Simultaneously, there are larger otherness in the environment that antenna is worked in different products and electromagnetic property, will cause antenna performance to have larger difference in design and use, so the antenna that requires to design must have stronger adaptability and versatility.In sum, original technology in use will run into the problem of versatility and the poor performance opposite sex.
Summary of the invention
The technical problem that the present invention will solve is, for antenna operational environment and the larger otherness of electromagnetic property existence in different product, cause antenna performance to have larger difference in design and use, a kind of antenna is provided, this antenna has stronger adaptability and versatility.
The present invention solves the problems of the technologies described above the technical scheme that adopts: a kind of antenna, described antenna comprise first medium substrate and the second medium substrate with two relative side; The first feeder line that described first medium substrate the first side is provided with the first sheet metal and arranges around described the first sheet metal, the second feeder line that described first medium substrate the second side is provided with the second sheet metal and arranges around described the second sheet metal, described the first feeder line and the second feeder line are all by coupled modes separately described the first sheet metal of feed-in and described the second sheet metal; Described second medium substrate one side surface overlaps with described first medium substrate the second side, and relative opposite side surface is provided with the 3rd sheet metal; Described the first feeder line is electrically connected with the second feeder line, and described the second feeder line is electrically connected with described the 3rd sheet metal; Hollow out has the first micro groove structure to form the first metal routing at described the first sheet metal on described the first sheet metal, and hollow out has the second micro groove structure to form the second metal routing at described the second sheet metal on described the second sheet metal; Described antenna is preset with the space that electronic component embeds.
Further, described spatial placement is reaching at least one of these three positions of the first sheet metal between the first feeder line, the first feeder line and the first sheet metal.
Further, described spatial placement is reaching at least one of these three positions of the second sheet metal between the second feeder line, the second feeder line and the second sheet metal.
Further, described spatial placement is on the first metal routing on the first sheet metal, and perhaps described spatial placement is on the first micro groove structure.

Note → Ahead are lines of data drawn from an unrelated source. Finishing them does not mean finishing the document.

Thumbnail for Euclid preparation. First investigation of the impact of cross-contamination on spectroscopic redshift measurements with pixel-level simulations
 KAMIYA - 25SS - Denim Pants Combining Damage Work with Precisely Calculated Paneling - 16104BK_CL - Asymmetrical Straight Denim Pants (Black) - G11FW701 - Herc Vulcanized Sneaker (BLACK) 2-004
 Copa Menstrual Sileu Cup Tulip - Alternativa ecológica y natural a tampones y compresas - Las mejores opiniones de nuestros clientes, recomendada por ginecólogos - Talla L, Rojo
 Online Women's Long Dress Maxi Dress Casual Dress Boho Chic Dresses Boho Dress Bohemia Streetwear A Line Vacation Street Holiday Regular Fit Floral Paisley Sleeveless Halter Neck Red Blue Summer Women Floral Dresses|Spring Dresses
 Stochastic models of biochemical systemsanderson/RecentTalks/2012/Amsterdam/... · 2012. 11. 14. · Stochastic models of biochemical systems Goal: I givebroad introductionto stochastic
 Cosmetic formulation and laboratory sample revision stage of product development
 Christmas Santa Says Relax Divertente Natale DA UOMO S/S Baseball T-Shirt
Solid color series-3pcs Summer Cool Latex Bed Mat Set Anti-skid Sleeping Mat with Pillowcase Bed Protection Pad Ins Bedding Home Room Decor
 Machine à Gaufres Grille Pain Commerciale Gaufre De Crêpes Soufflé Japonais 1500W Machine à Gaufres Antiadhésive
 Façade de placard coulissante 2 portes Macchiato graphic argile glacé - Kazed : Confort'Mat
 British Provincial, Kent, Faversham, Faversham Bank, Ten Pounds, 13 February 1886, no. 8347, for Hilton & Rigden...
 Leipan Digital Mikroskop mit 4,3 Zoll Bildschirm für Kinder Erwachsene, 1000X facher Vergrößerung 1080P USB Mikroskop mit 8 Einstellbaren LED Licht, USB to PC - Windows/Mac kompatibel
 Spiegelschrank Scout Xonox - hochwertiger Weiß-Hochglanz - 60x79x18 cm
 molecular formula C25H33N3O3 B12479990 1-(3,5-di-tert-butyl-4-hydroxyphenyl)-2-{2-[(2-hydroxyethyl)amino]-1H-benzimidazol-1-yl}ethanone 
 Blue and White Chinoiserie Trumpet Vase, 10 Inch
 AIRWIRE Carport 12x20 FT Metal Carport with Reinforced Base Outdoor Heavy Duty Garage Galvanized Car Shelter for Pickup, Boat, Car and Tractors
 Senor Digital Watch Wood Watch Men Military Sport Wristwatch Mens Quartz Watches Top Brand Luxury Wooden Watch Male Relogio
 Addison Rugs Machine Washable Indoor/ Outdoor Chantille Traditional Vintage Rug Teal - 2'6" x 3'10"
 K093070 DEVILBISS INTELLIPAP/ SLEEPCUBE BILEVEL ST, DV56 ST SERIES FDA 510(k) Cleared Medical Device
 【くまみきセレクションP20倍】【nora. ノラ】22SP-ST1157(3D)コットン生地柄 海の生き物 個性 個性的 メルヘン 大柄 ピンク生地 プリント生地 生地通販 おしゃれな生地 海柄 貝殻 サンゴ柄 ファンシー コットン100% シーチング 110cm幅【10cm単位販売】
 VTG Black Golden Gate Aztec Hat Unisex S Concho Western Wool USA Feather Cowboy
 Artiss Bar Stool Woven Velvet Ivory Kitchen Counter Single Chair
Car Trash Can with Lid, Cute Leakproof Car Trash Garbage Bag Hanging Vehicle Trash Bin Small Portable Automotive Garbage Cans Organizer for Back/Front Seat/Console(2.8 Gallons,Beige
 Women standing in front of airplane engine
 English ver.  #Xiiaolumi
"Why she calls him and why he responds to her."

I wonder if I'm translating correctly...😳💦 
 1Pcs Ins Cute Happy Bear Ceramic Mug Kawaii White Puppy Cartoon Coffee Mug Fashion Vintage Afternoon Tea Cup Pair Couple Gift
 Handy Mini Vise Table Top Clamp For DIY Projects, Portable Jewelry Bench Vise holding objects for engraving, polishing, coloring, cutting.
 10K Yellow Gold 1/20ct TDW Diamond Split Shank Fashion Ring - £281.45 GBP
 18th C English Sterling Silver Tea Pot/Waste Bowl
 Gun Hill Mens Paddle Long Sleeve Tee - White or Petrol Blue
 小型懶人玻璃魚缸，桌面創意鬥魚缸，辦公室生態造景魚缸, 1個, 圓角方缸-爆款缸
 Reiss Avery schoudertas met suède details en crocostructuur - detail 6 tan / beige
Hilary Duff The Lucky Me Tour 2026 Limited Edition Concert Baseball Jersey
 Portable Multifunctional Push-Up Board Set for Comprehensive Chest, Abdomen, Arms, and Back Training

Further, described spatial placement is on the second metal routing on the second sheet metal, and perhaps described spatial placement is on the second micro groove structure.
Further, described electronic component is perceptual electronic component, capacitive electronic component or resistance.
Further, described space is the pad that is formed on the described antenna.
Further, the scope of described perceptual electronic component inductance value is between 0-5uH.
Further, the scope of described capacitive electronic component capacitance is between 0-2pF.
Implement antenna of the present invention, with respect to existing antenna, has following beneficial effect: the space that embeds by electronic component is set at antenna, can finely tune the performance of antenna by the performance that changes the electronic component that embeds, design the antenna of the requirement of satisfying adaptability and versatility.In addition, the medium substrate two sides is provided with sheet metal, takes full advantage of the spatial area of antenna, can work under low operating frequency at antenna under this environment, satisfies the requirement of antenna miniaturization, low operating frequency, broadband multimode.
Another problem to be solved by this invention provides a kind of MIMO antenna.
The present invention solves the problems of the technologies described above the scheme that adopts: a kind of MIMO antenna, described MIMO antenna comprises a plurality of above-mentioned antennas.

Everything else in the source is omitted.